The next morning I had to take the early 7am train back at Seville. As I sat at a window seat and watched the sunflower fields roll by outside against a bright sun low in the sky, I found myself having the same feelings again. A strange peace. A calm. It was a beautiful morning and there wasn´t a cloud in the sky. The carriage was quiet; most of the other passengers were sleeping or dozing. But I was happy to sit there and watch the world go by outside, feeling as if I really belonged.
I don’t know. Maybe it was because I was listening to “So What” by Miles Davis on my MP3 player at the time that made me feel that way.

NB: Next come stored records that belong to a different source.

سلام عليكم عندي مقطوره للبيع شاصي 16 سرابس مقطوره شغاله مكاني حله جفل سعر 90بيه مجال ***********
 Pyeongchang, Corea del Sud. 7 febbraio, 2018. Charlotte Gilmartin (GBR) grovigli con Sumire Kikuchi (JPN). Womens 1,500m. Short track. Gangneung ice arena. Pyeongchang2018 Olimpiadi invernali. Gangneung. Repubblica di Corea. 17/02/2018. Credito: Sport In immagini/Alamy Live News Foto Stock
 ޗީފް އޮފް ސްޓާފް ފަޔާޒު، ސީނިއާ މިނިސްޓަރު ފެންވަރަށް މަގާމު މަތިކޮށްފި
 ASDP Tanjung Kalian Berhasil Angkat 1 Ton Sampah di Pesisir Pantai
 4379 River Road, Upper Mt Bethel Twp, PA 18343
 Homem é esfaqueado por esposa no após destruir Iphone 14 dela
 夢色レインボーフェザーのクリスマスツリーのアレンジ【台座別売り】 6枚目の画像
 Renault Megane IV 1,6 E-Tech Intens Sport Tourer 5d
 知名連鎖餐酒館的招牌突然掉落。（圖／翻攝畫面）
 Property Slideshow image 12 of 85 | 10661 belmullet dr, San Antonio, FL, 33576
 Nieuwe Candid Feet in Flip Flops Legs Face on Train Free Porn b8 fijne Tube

As the train pulled into the station at a small town not far from Seville, I looked through the railings into the adjoining park and saw a man sitting on a mower winding his way serenely around the trees and up and down in perfectly symmetrical lines. He was an old man, with wrinkled, sun-tanned skin and grey, receding hair, covered by a crooked, battered red and blue baseball cap. He was wearing earphones and I imagined him listening to The Blue Danube by Strauss as he wound his way, almost as if he was in a waltz, around the park apparently with not a care in the world.
I don’t know. Maybe it was because I was listening to The Blue Danube by Strauss on my earphones at the time that made me feel that way.
It had all started the week before when me and the wife had gone to a spa in Seville for a dip in their hydro pools and a back massage.
As we sat there in the pool, embraced by dozens of little bubbles blasting out from jets under the water, for the first time in ages I actually felt quite relaxed. I realised too that, for the first time in a long time, my brain wasn’t whizzing along at a million miles an hour thinking of all the things I had to do.
I always did that when I lived in London. I always had a million different thoughts at the same time. That’s what living in London does to you. Everything moves so fast that you have to move with it or you get trampled in the crush.
So when I first moved to Spain, I was still going at full speed, when everything else around me was going at a far more sedate pace.
But as I sat there in the spa, the bubbles rushing through my swimming trunks like a thousand tiny farts, I took a deep breath and let it wash over me. Metaphorically and physically.
I don’t know. Maybe it’s because things don’t move as fast here as they do where I used to live. And maybe I’m finally beginning to realise that it’s ok to drop down a gear or two.

1 comment:

  1. Hello James! I think you're right. The south of Spain is magical because we don't mind where people belong to. However, if you go to Madrid, you will feel as a foreigner! Even though I was born in Seville, when I have travelled to Madrid, I always feel something special when I arrive at station. I think the south of Spain is a special place. We are like a big family and we love everybody! It's amazing how a person from England can love Andalucia like his home. I think you have become andaluz!